Unread post by BuddyBoi21 »

Hey you two!

I just wanted to let y'all know that both of your words have been greatly appreciated.

Just to update, my therapy appointment went well and I'm currently trying to delve more into my relationships with my parents, their actions and boundaries. I'll put more in another post I made talking more about my relationship with my mom.

Also an oddly nice event in regards to my feelings circulating around my father. I had a dream a few days after reaching out to a few folks that I told him off. I continue every day as needed to remind myself that it is an act of kindness not only to myself but to him that I no longer speak to him.

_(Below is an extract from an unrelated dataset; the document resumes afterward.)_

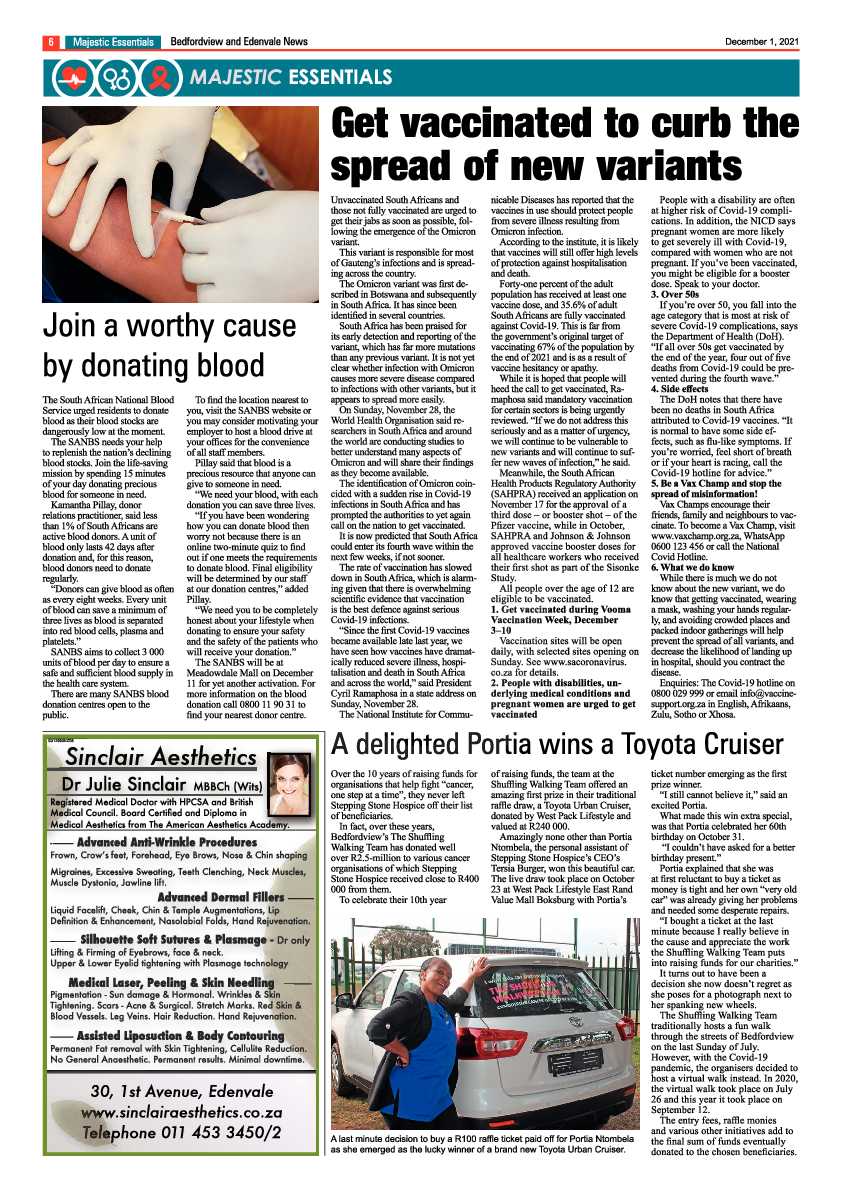 Bedfordview Edenvale News 1 December 2021 page 6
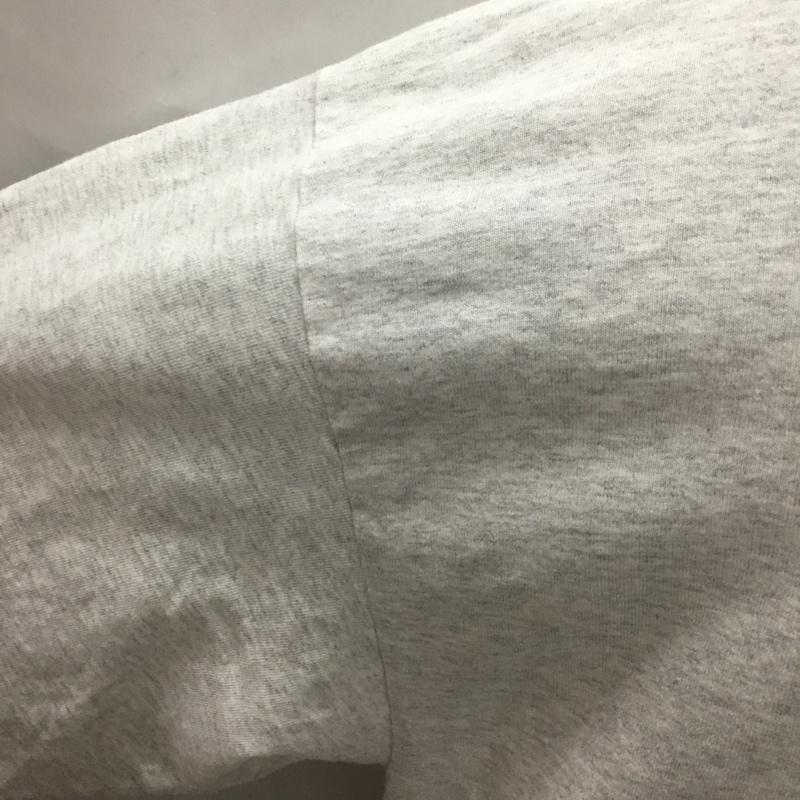 ポークチョップガレージサプライ PORKCHOP GARAGE SUPPLY Tシャツ 半袖 半袖カットソー プリントTシャツ クルーネックカットソー XL ロゴ、文字 灰 / グレー / メンズ USED 古着 中古 10113869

I know in my heart that aside he's mot deserving of my time that I don't have anything nice to say to him especially since he has said horrid things to me and does a 180 when it's convenient for him. It's hard but I'm still healing.

Thank you both so much <3
Siân
previous staff/volunteer
Posts: 785
Joined: Tue Jul 04, 2017 6:10 am
Age: 34
Awesomeness Quotient: I ask ALLLLL the questions
Primary language: English
Pronouns: she/her
Sexual identity: Figuring it out
Location: UK

Re: Validation of Trauma and Intuition

Unread post by Siân »

That is a good dream!

My pleasure - glad that you've found this helpful :)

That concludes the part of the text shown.